Time spent in discovery defines not only what is being built, but offers answers that drive what the product will look like, the functionality needed, and priorities, timelines, and even costs associated with development.

To get to that point, however, the project team and stakeholders need to step through several activities that will clarify the answers to key questions. Understanding those questions upfront will eliminate going down unproductive paths later in the project, or exploring features and functionality that don’t apply to your audience.

Not all activities that can be part of discovery are part of every project. But this phase can include any of the following, as long as they lead to a workable definition of the project’s needs:

  • Review of existing architecture and legacy code
  • User definition, user research, and user behaviors
  • Associated research, both external and any internal documentation
  • Wireframing and mock-ups of the application interface
  • Analysis of the market and need
  • Brainstorming of features, functionality, and use cases
  • Stakeholder interviews
  • Competitive analysis

The purpose of these activities is to answer questions that are important to developing the deliverables for this phase of the project:

  • Who is the software for?
  • When will they need it?
  • How and when will they use it?
  • Where will it be implemented and what platforms will it run on?
  • Does the project have competition? Who, and what do they do?
  • Is there a hard deadline?
  • What does project success look like?
  • What is the scope of the project?
  • What security is needed? Will there be a login?

Discovery Phase Deliverables

Once discovery is complete, you’ll have your plan to move forward. That doesn’t mean that the project can’t evolve and change during development. But discovery gives you the solid foundation to make changes from, instead of up-ending the entire product when the market changes or new customer demands come to light.
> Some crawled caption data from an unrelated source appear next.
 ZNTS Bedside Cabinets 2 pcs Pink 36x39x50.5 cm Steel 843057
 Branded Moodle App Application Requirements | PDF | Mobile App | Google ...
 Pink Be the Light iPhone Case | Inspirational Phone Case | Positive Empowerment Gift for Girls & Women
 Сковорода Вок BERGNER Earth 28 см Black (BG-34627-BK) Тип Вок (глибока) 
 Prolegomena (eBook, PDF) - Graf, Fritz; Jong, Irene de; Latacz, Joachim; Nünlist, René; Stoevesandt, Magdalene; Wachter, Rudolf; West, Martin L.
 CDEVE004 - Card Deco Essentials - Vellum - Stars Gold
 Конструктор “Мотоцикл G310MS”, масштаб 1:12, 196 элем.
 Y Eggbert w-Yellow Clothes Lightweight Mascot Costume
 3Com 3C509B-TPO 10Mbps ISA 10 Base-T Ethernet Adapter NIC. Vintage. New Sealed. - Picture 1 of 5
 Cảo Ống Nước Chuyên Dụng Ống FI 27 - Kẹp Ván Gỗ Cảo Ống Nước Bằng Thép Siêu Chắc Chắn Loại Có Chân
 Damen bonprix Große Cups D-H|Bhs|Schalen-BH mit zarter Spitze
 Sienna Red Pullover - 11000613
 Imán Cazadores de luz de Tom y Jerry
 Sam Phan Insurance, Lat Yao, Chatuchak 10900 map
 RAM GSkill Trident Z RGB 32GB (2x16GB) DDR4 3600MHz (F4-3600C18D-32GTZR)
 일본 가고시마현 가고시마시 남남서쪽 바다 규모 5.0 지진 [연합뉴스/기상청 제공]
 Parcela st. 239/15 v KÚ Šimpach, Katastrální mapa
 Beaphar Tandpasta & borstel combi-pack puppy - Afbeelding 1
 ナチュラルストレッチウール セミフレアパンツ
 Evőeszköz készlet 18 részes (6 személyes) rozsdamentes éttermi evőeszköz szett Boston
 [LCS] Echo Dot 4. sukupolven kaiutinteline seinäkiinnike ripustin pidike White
Much like the discoveries activities, the deliverables will be defined by what the project needs. But generally speaking, this phase will result in several of the following:

  • A solution vision document: A concise description of what the project purpose is and what it’s meant to accomplish.
  • Requirements: Your requirements could take a number of forms, including functionality requirements, use cases, epics, and user stories.
  • Architectural design: These plans may include database, integration requirements, systems, dependencies, and so forth.
  • User interface design: This may include wireframes and mockups, brand guidelines, or a user dictionary.
  • Risk assessment: A risk assessment could include the impacts of competitors, delays in release, or dependencies on other systems or resources.
  • Release plan: With an agile project, a release plan defines what the sprints will look like and reflects the initial priorities defined for release.
  • Prototype or proof of concept: Discovery may include an MVP or a proof of concept, offering a quick version of the solution to illustrate its viability.
  • Cost estimates: With a good idea of the solution’s requirements, a cost estimate can be created that is far more accurate than one done without a discovery, reducing the chance of surprises.